In a move hailed by supporters as “the greatest act of generosity since Mar-a-Lago started charging extra for patriotism,” President Donald J. Trump announced plans to build a luxury ballroom at the White House—one he insists he’ll “definitely, totally, 100%, without a doubt” pay for himself.

“This will be the most beautiful, most elegant ballroom in history,” Trump declared at a press conference held between two golden eagles and a mirror. “It’ll make Versailles look like a Motel 6. And I’m paying for it personally—unlike Sleepy Joe, who probably needs Congress to approve his dance floors.”

The ballroom, according to preliminary sketches released by Trump’s team, will feature:

  • Gold-plated everything, including the Constitution framed in Swarovski crystals.

  • A MAGA chandelier shaped like a crown, rumored to double as a campaign donation QR code.
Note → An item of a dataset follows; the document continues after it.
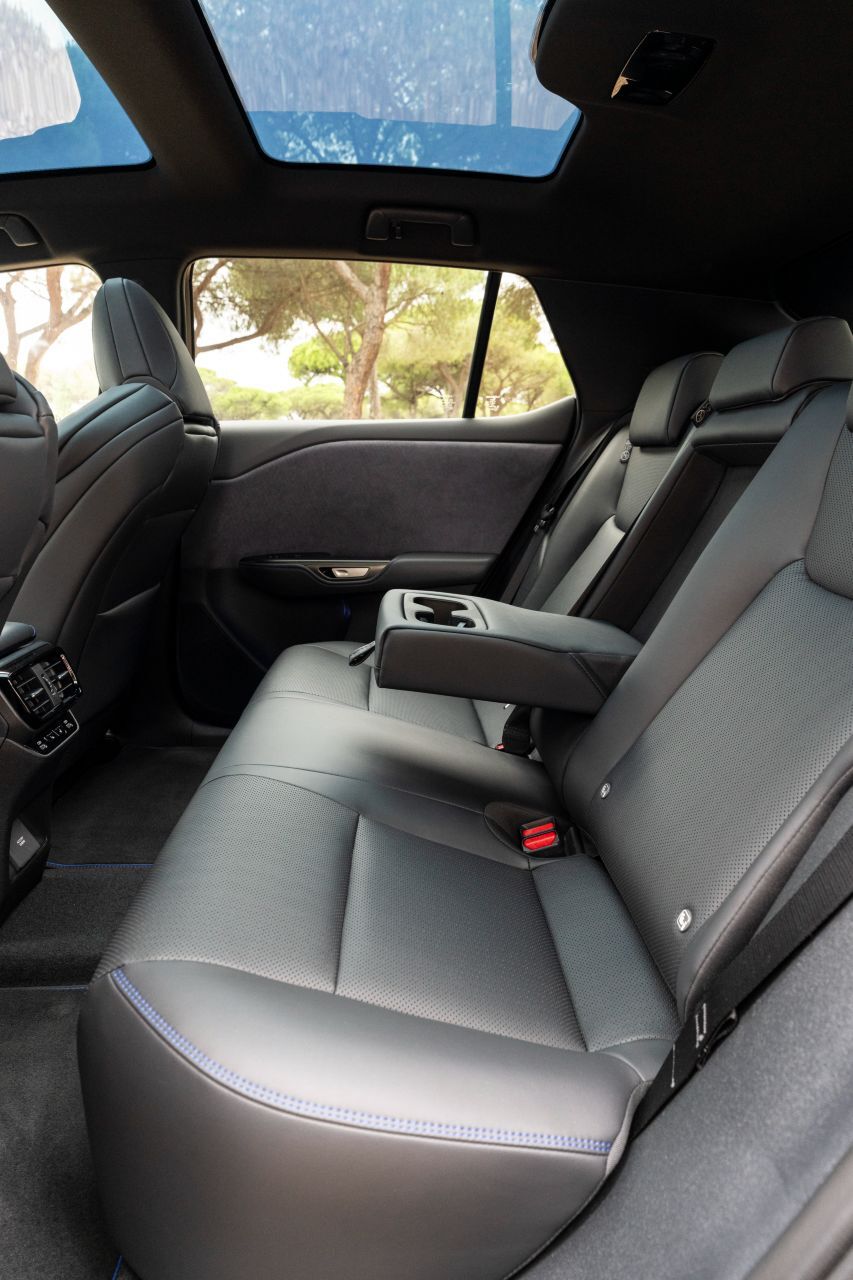 Reihe zwei ist den Cockpit-Sitzen in Sachen Bequemlichkeit ebenbürtig.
  • A retractable stage for impromptu victory speeches, karaoke nights, and criminal arraignment afterparties.

When asked about the funding, Trump clarified: “I’ll pay for it myself. By which I mean, of course, the Trump Organization will front the money, and then, you know, we’ll work out the details later. Maybe a small tax credit. Or a national monument designation. Or naming rights—‘The Trump White House Ballroom Presented by Truth Social.’”

Critics were quick to note the déjà vu. “This is the same guy who said he’d self-fund his 2016 campaign,” said political analyst Dana Factcheck. “Then we found out his definition of ‘self-fund’ meant ‘convince donors, PACs, and the RNC to do it for him while charging his own properties millions in ‘rental fees.’”

Even Trump’s longtime supporters expressed mild skepticism. “Look, he’s a businessman,” said one rallygoer wearing a sequined Make America Dance Again hat. “He always pays for things—eventually—just usually with someone else’s money.”

According to insiders, the ballroom will also include a “VIP Donor Lounge” accessible only to those contributing at least $100,000 to “Keep America Waltzing PAC.”

When asked how the new ballroom aligns with fiscal conservatism, Trump replied, “It’s simple. You can’t have fiscal conservatism without a good place to host a fundraiser.”

Construction is expected to begin as soon as Trump’s legal team finishes arguing that “ballroom expenses” qualify as executive privilege.

As one aide reportedly put it, “If history is any guide, the only thing Trump will truly self-finance is the photo op.”